È una tecnica per eliminare la
“malizia” (ne parlava Svami Vivekananda
il primo maestro indiano a cercare, nel XIX secolo, un confronto con la scienza
occidentale), quel pensiero obliquo che ci porta a vedere dietro i gesti e le
parole altrui mille e mille verità nascoste.
È una via per cominciare a vedere
le maschere che indossiamo in ogni momento della nostra esistenza.
Da quando ho imboccato la “via
degli ignoranti”, alcuni passaggi di testi vedici o tantrici, prima misteriosi,
senza gli occhiali dell’erudizione sono improvvisamente chiari, semplici,
comprensibili.
Lo so che può apparire strano, ma
in fondo è nella logica delle cose: gli autori dei testi vedici erano dei
realizzati ed un realizzato, a quanto si
dice, è come un bambino, in lui gesti, parole, pensieri insorgono con la grazia
naturale di un fiore che sboccia, con spontaneità e semplicità.
Come potrebbe una mente complicata
afferrare un pensiero semplice come un fiore che sboccia?
[1]
In Tantra la via del sesso – Edizioni Aldenia, racconto, ad
esempio la storia di Nandi, una maestra tantrica cui vengono attribuiti
mille libri, che nel 1800 è stata trasformata nella cavalcatura di Śiva, un
gigantesco toro bianco.

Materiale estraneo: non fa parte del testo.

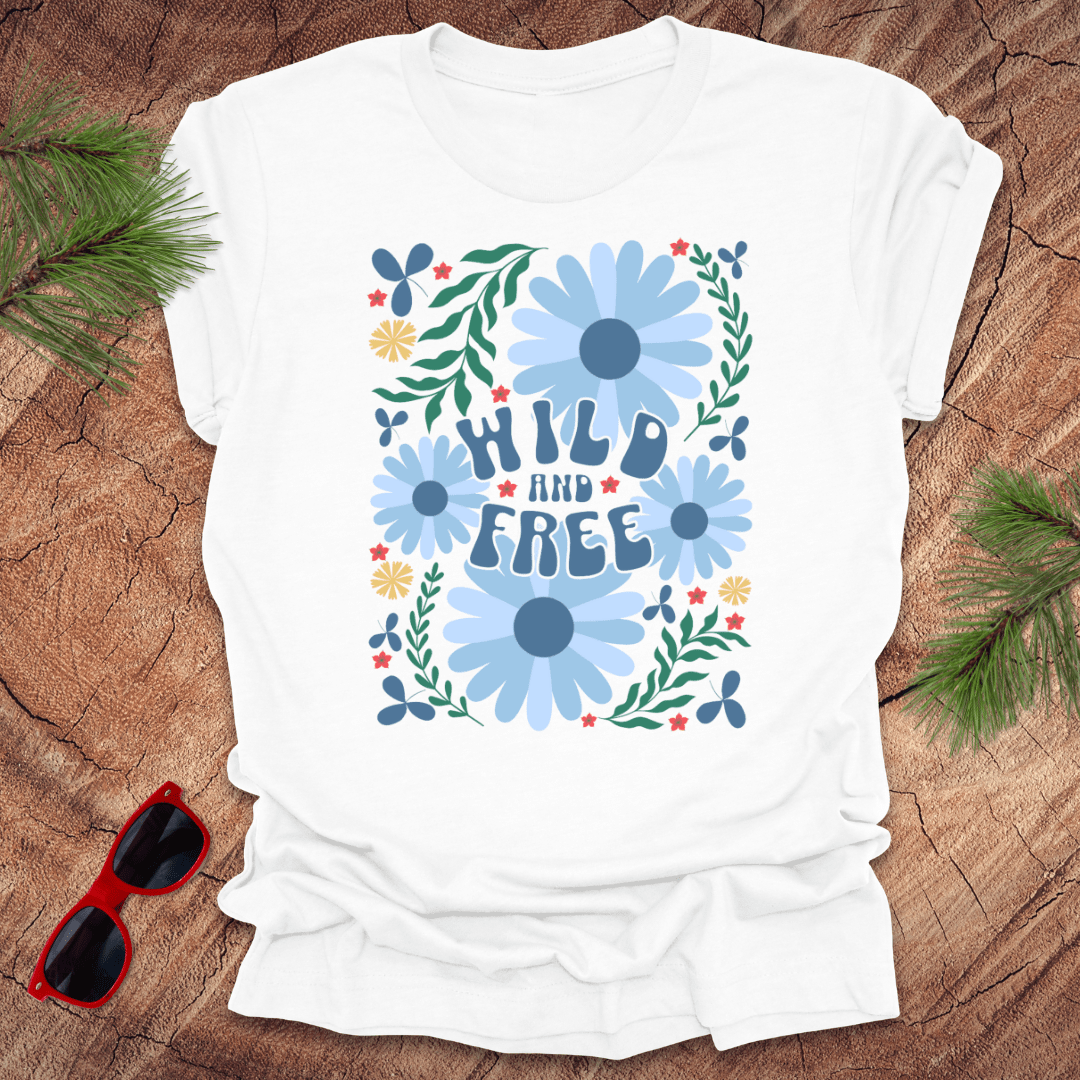 White t-shirt with floral design and 'Wild and Free' text on a wooden surface with sunglasses and greenery.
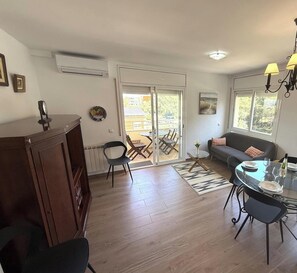A spacious living area with a dining table, sofa, and a view through a sliding glass door to an outdoor patio.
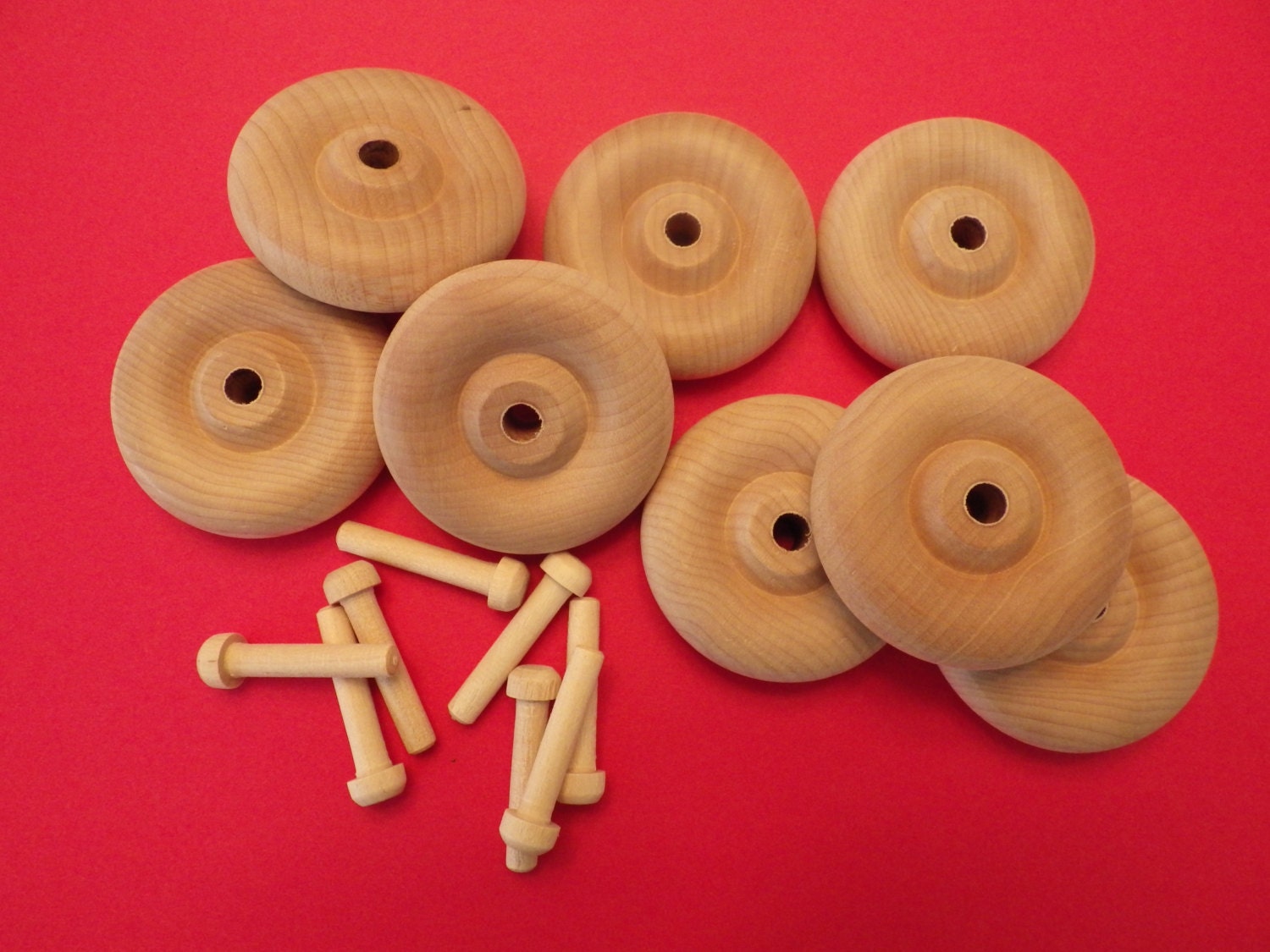 8 Toy Wood Wheels and Axle Pegs from LucyandPearlsPlace on Etsy Studio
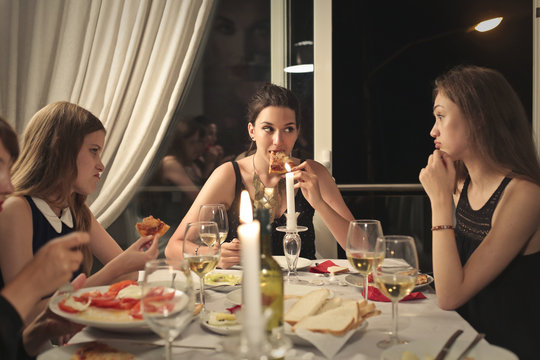 girls having dinner together 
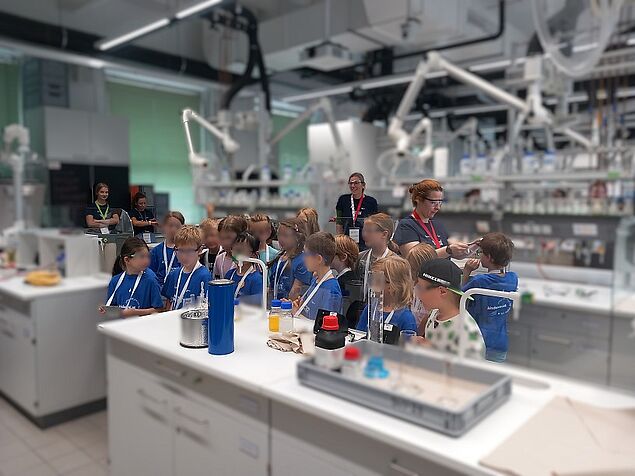 Viele Kinder in blauen T-Shirts, im Hintergrund Betreuerinnen in dunkelbauen Shirts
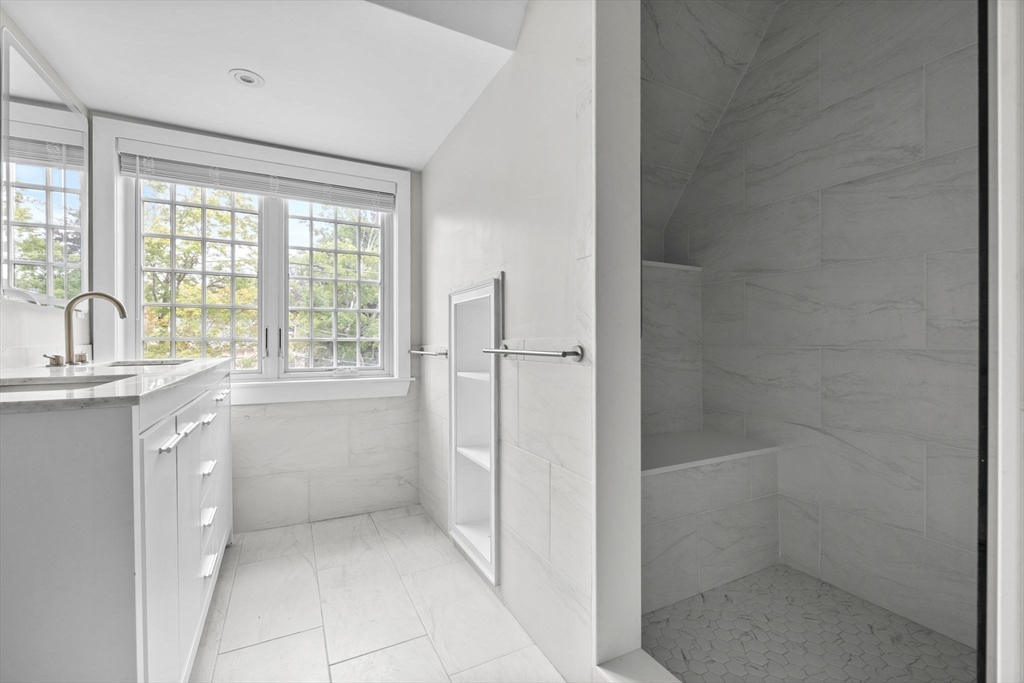 476 Heath Street Brookline, MA 02467 - Photo 34 of 41 a bathroom with a granite countertop sink a toilet and shower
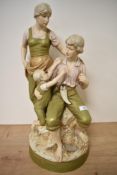 A Royal Dux figural group, depicting mother and father with child, , having pink lozenge to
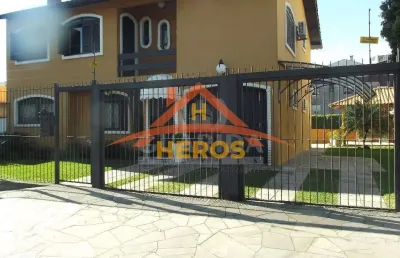 Casa com 3 quartos à venda na rua inhanduí, 340, cristal, porto alegre por r$ 1.378.000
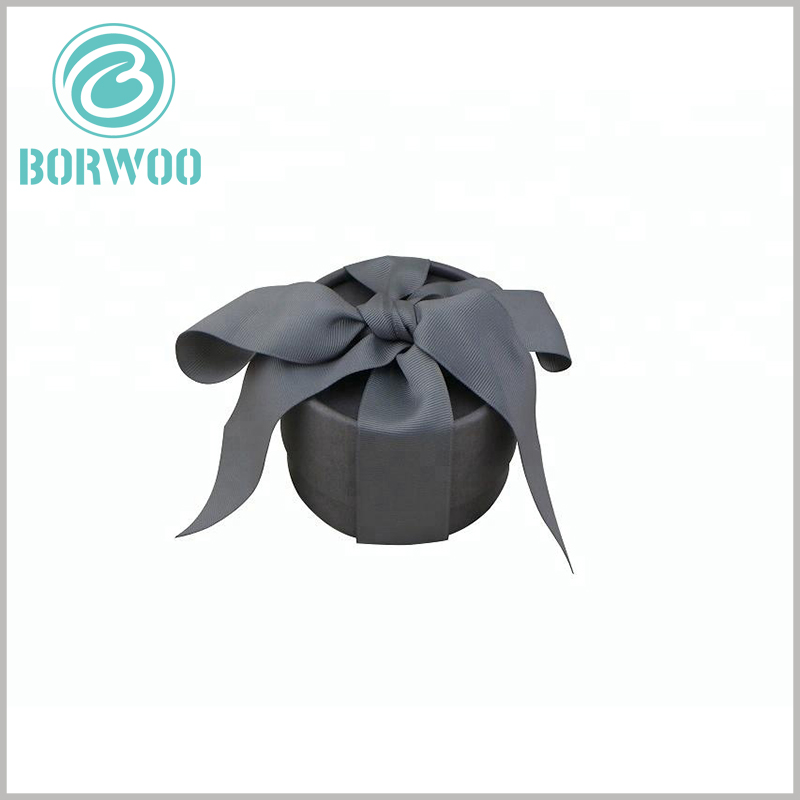 Grey cardboard tube round gift boxes with bows.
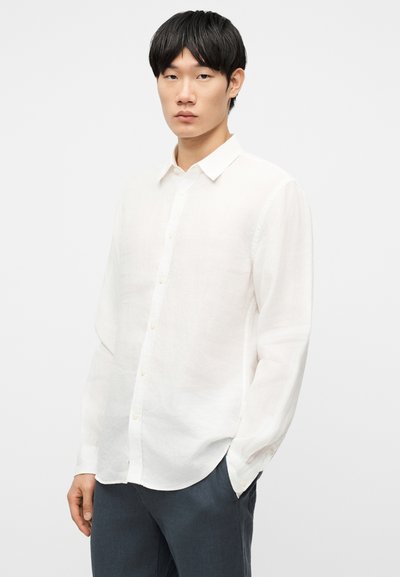 Νεαρός άνδρας με μαύρα μαλλιά που φοράει λευκό πουκάμισο με μακριά μανίκια και σκουρόχρωμο παντελόνι, πόζαροντας με το ένα χέρι στην τσέπη.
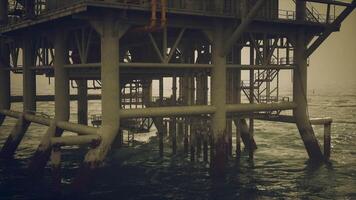 CGI Oil rig structure with support pylons reflecting on calm waters video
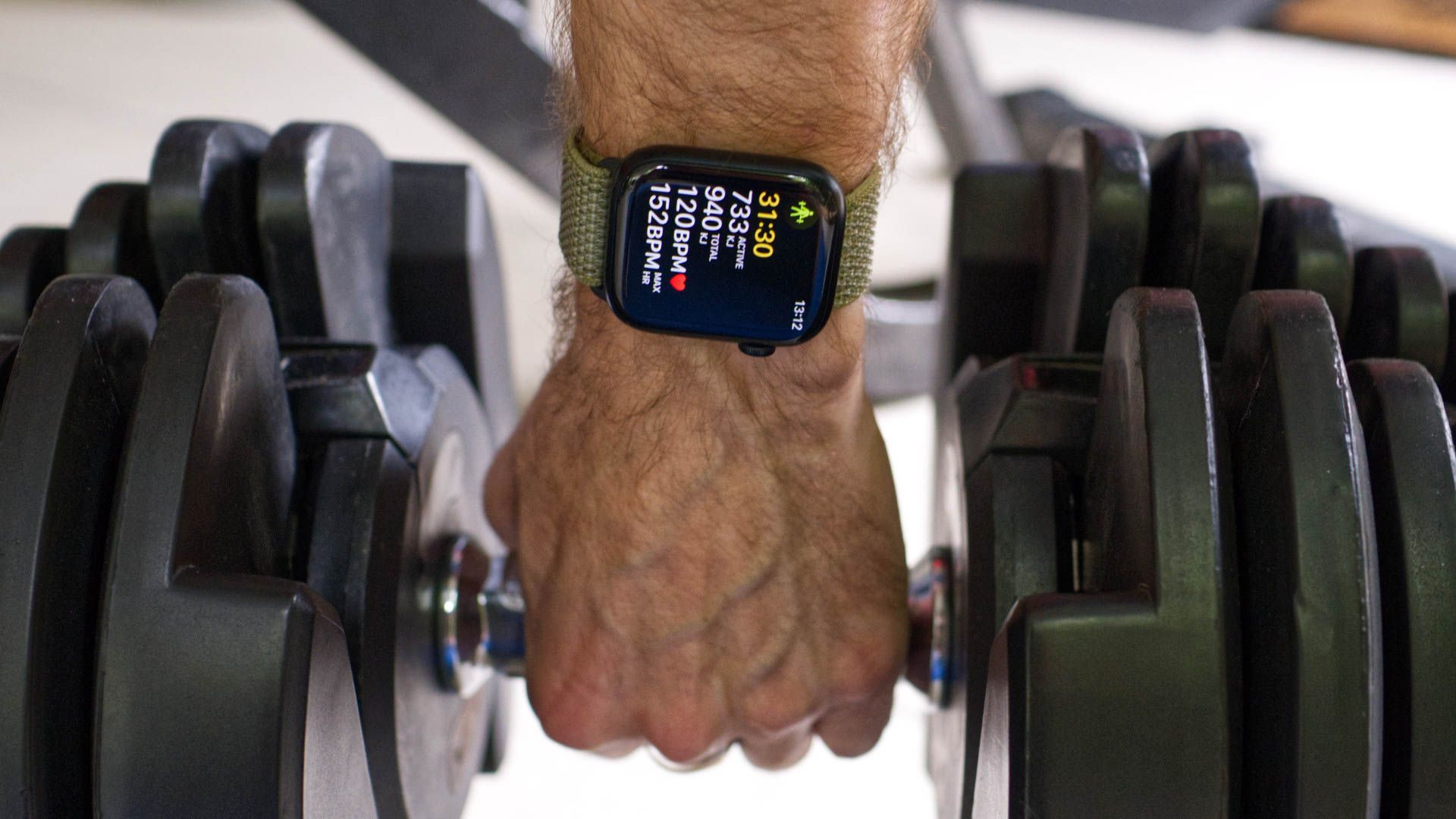 Apple Watch Series 8 being worn during a resistance training exercise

Tutt’oggi,
anche in India, ci sono devoti pronti a giurare che il quadrupede si sia
ficcato una penna tra gli zoccoli per mettere nero su bianco gli insegnamenti
del dio della danza.
[2]
Mezzi così sofisticati avevano bisogno di una
manutenzione altamente specializzata, così nei testi sono citati i Kathasaritsagara, operai addetti alla manutenzione delle navi
transoceaniche, Rayyadhara che si
occupavano di mongolfiere e dirigibili e i Pranadhara
a cui spettava il compito di mantenere in efficienza aerei e navi spaziali.